Dataset governance involves managing and overseeing data to ensure its integrity, security, and proper usage. Lineage tracks the origin and transformations of data, providing transparency and accountability. Consent refers to obtaining and managing permissions from data subjects, ensuring ethical and legal use. License compliance ensures datasets are used according to their licensing agreements, preventing unauthorized usage and legal risks. Together, these elements support responsible, lawful, and efficient data management.
Dataset governance involves managing and overseeing data to ensure its integrity, security, and proper usage. Lineage tracks the origin and transformations of data, providing transparency and accountability. Consent refers to obtaining and managing permissions from data subjects, ensuring ethical and legal use. License compliance ensures datasets are used according to their licensing agreements, preventing unauthorized usage and legal risks. Together, these elements support responsible, lawful, and efficient data management.
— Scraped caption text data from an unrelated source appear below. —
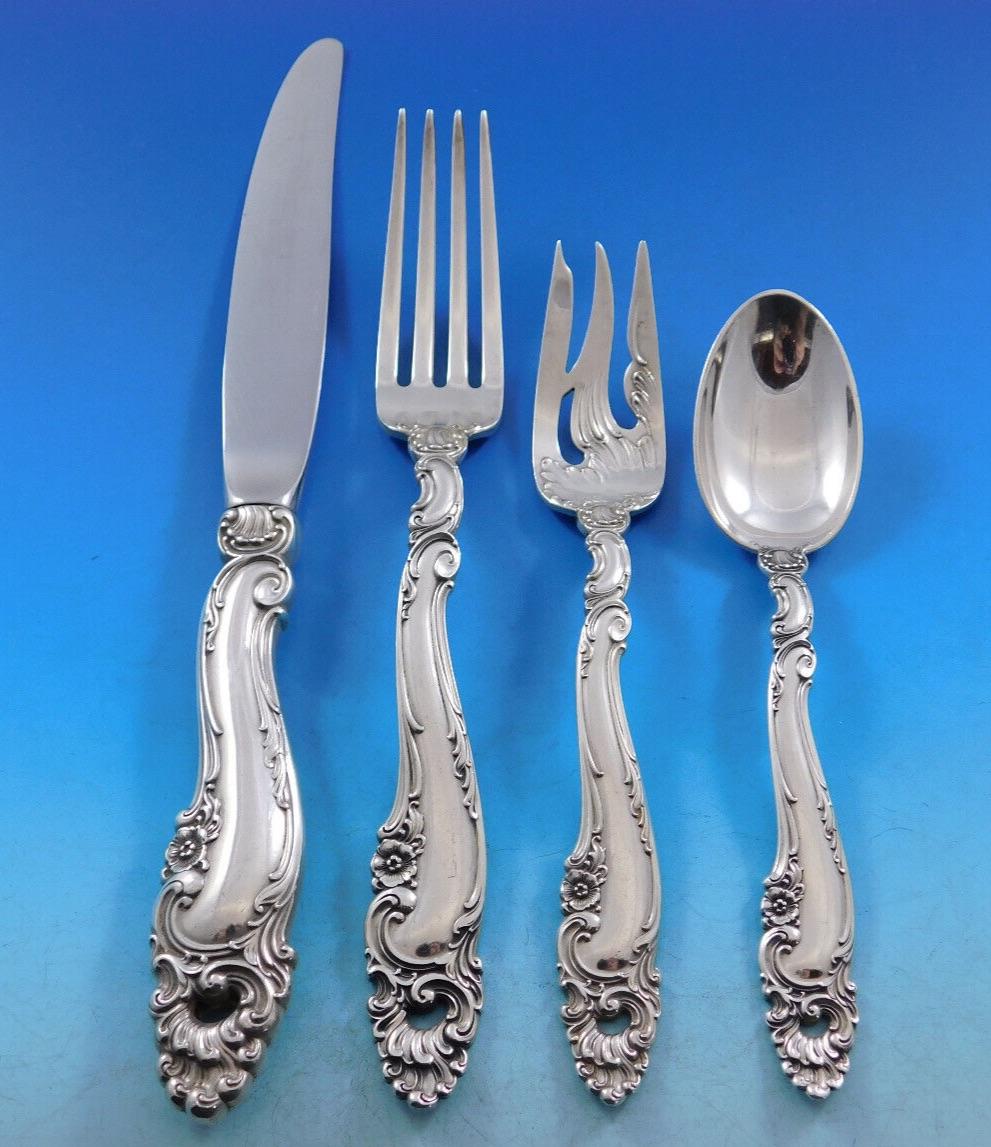 Mid-20th Century Decor by Gorham Sterling Silver Flatware Set for 8 Service 41 Pcs Dinner Size For Sale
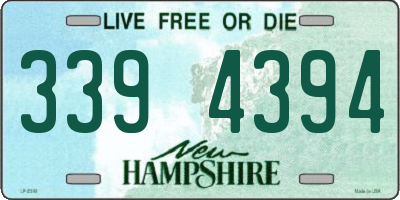 NH license plate 3394394
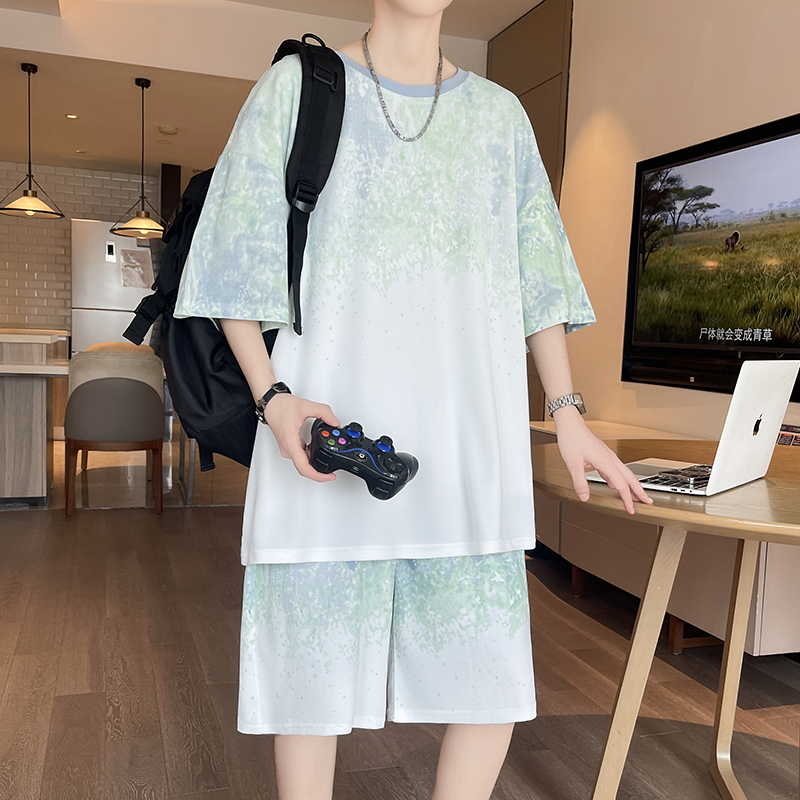 【Top 5-Point Pants】Men's T-Shi - огляд і ціна Street Fashion Casual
What is dataset governance and why is it important in generative AI?
Dataset governance is the framework of policies, processes, and controls that manage data quality, security, usage rights, and accountability across datasets used by AI. It ensures data integrity, traceability, and proper use.
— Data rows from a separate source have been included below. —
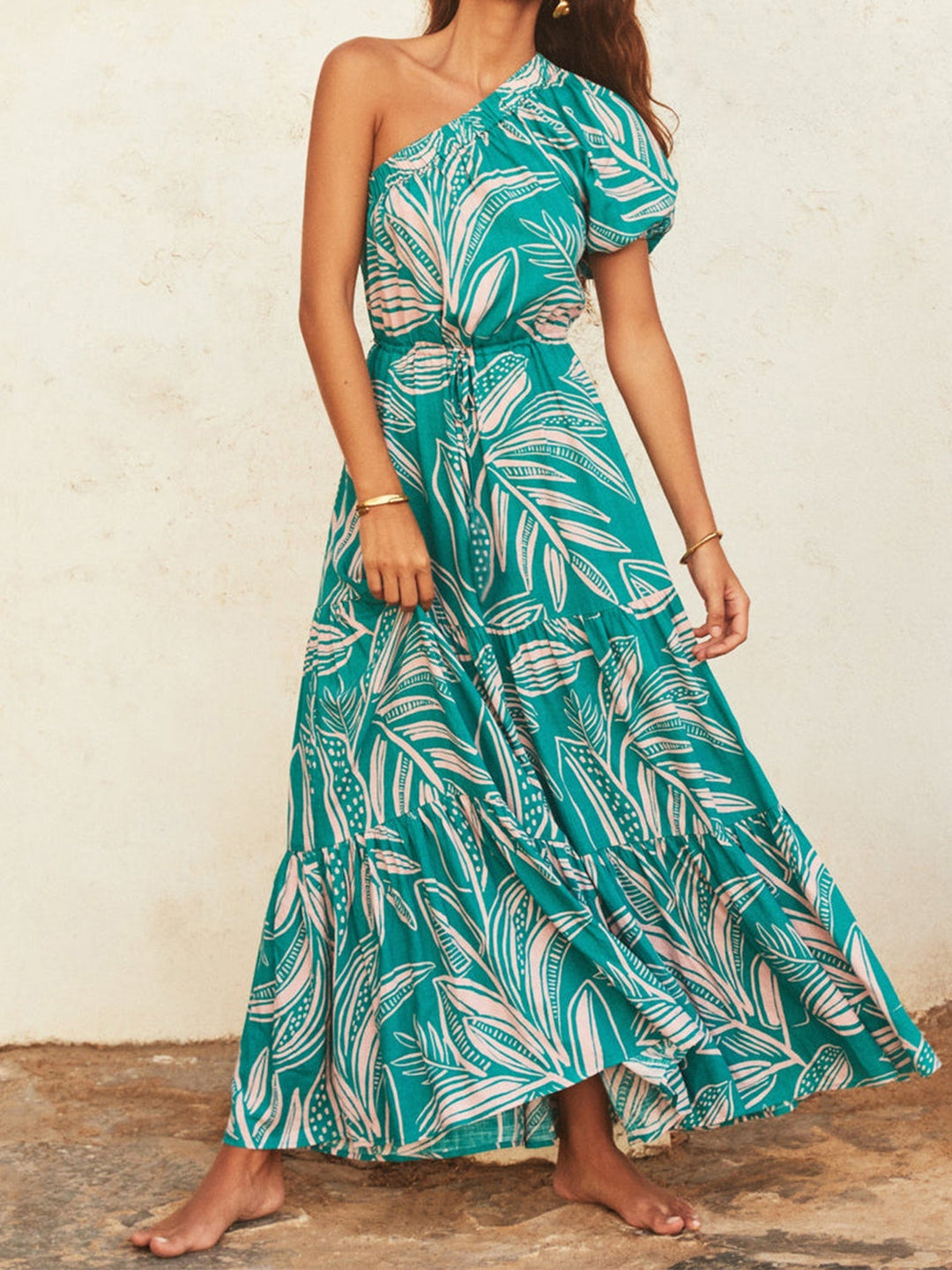 Stilla | One Shoulder Puff Sleeve Dress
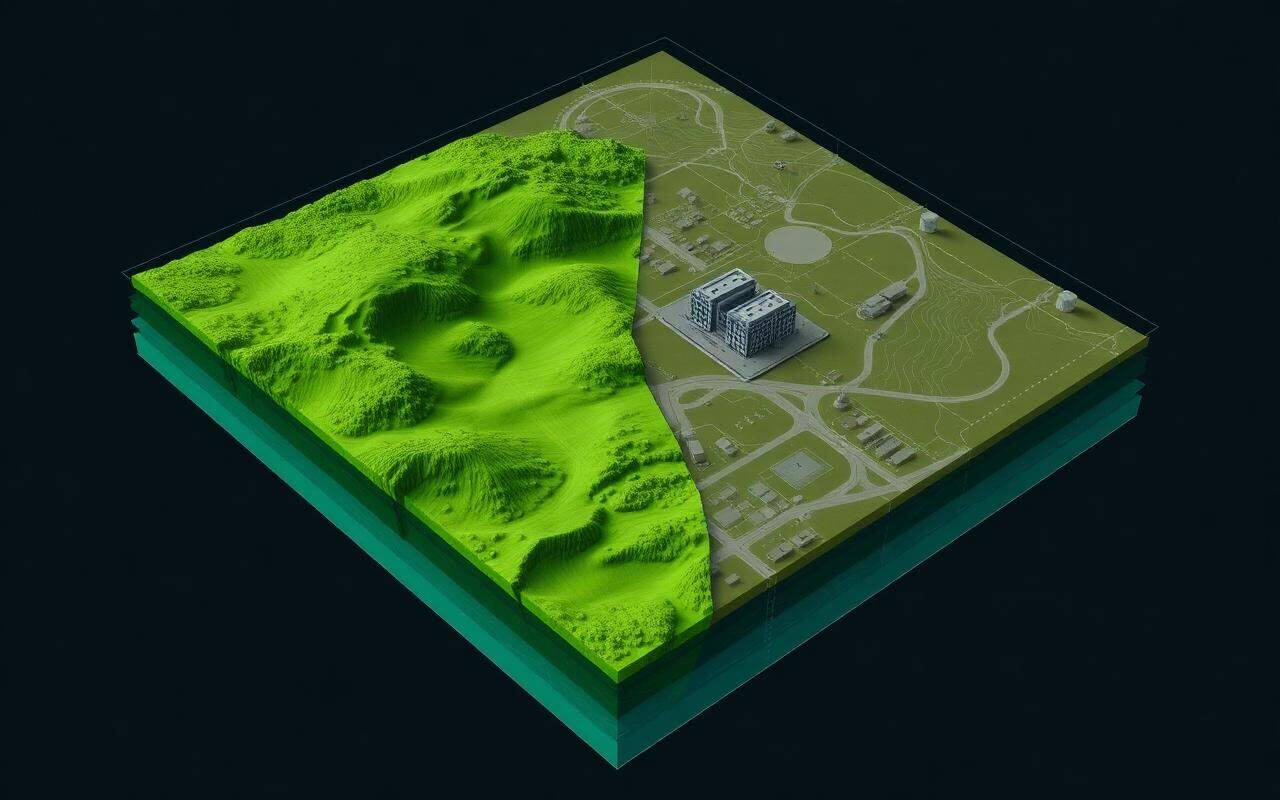 Google Earth KML features converted into a layered, georeferenced CAD drawing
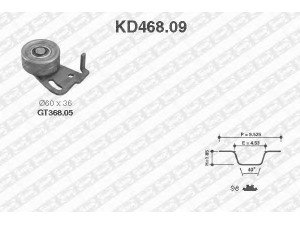 SNR KD468.09 paskirstymo diržo komplektas 
 Techninės priežiūros dalys -> Papildomas remontas
13070-D0100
What is data lineage and why is it important?
Data lineage tracks the origin of data and every transformation it undergoes, from source to model input. It provides transparency, reproducibility, and helps detect errors or biases.
What does consent management mean in dataset governance?
Consent management means obtaining, recording, and honoring permission from data subjects to collect, use, and share their data, including revocation and scope changes.
What is license compliance in datasets for generative AI?
License compliance means using data in accordance with its licensing terms (permissions, restrictions, attribution) to avoid legal risk and ensure proper usage.